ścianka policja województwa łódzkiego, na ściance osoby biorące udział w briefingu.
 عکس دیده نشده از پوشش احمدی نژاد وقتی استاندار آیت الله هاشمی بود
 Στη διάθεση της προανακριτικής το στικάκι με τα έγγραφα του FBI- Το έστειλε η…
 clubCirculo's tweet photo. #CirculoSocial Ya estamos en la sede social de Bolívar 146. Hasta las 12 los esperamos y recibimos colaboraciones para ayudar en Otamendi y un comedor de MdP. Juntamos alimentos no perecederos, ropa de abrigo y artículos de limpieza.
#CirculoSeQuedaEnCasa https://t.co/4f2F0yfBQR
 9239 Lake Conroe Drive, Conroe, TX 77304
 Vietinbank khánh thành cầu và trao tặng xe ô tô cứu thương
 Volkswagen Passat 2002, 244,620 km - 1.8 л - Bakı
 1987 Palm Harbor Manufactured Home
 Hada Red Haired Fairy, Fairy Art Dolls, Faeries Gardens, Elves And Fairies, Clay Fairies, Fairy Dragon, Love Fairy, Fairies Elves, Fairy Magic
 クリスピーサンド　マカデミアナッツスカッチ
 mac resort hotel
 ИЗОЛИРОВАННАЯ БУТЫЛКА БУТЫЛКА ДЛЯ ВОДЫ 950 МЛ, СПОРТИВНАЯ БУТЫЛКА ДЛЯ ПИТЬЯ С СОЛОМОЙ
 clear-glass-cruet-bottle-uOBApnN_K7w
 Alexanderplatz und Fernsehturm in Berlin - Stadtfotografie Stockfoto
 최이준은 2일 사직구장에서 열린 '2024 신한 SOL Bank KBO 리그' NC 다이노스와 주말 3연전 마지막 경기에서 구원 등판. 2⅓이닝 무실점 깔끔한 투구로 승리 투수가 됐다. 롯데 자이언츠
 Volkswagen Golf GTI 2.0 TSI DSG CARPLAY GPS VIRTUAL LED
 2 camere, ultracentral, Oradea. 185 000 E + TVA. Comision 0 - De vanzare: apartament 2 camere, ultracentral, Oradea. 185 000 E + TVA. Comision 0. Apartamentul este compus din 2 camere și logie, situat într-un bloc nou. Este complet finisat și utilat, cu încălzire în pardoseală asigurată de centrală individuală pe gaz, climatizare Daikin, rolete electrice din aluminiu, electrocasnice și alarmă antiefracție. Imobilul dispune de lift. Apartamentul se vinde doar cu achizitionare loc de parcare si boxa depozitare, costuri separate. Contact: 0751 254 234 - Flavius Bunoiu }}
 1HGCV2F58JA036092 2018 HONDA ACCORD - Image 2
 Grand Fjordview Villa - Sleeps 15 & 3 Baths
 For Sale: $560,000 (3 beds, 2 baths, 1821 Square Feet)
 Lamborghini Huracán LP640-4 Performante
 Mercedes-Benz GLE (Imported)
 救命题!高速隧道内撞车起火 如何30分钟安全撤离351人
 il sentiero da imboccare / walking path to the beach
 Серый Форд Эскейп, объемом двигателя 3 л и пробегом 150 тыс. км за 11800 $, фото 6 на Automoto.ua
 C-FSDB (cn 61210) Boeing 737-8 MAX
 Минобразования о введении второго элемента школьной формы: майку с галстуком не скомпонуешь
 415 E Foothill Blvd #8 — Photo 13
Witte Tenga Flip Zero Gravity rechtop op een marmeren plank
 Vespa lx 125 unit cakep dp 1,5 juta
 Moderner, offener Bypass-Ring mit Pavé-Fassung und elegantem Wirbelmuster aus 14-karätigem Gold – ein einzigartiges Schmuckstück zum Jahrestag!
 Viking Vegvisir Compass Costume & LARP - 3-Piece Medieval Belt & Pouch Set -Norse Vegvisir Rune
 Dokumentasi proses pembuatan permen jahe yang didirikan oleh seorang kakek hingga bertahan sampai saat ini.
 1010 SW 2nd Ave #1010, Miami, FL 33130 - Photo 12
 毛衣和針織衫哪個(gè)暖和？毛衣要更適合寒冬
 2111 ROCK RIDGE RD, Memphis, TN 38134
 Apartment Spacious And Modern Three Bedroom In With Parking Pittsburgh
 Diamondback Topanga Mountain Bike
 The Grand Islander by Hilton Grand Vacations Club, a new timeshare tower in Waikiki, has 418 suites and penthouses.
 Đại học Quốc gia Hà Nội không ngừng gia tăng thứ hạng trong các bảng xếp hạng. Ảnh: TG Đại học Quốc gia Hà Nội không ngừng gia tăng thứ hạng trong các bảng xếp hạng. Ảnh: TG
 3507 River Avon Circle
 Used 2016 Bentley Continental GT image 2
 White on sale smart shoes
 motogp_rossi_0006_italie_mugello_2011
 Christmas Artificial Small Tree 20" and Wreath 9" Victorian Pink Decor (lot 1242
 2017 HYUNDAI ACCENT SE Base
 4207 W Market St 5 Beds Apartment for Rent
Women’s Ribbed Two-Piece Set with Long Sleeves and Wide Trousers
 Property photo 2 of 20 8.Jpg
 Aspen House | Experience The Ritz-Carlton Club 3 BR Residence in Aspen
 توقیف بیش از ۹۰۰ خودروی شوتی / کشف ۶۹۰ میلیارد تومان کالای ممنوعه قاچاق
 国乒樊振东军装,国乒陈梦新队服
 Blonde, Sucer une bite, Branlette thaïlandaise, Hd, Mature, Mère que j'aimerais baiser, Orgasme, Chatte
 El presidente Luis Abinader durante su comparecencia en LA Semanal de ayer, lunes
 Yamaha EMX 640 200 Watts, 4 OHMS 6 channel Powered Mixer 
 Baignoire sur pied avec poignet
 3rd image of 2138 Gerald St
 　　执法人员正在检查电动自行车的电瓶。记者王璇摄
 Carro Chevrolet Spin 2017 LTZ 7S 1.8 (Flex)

------------------------------------------------------------

**WHAT YOU NEED TO DO:** Within the listing above, give again exactly every line from the line with "Witte Tenga Flip" through the line with "Viking Vegvisir Compass", both included, and no other line.

**YOUR SOLUTION:**
Witte Tenga Flip Zero Gravity rechtop op een marmeren plank
 Vespa lx 125 unit cakep dp 1,5 juta
 Moderner, offener Bypass-Ring mit Pavé-Fassung und elegantem Wirbelmuster aus 14-karätigem Gold – ein einzigartiges Schmuckstück zum Jahrestag!
 Viking Vegvisir Compass Costume & LARP - 3-Piece Medieval Belt & Pouch Set -Norse Vegvisir Rune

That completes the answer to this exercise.